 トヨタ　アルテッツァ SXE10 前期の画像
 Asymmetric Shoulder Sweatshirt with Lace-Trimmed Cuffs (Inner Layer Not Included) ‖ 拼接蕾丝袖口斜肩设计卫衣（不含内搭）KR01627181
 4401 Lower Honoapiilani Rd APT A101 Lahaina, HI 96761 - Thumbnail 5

☆ ☆ ☆ ☆ ☆

Your task is to repeat the data exactly; please include every line.

Task response
 トヨタ　アルテッツァ SXE10 前期の画像
 Asymmetric Shoulder Sweatshirt with Lace-Trimmed Cuffs (Inner Layer Not Included) ‖ 拼接蕾丝袖口斜肩设计卫衣（不含内搭）KR01627181
 4401 Lower Honoapiilani Rd APT A101 Lahaina, HI 96761 - Thumbnail 5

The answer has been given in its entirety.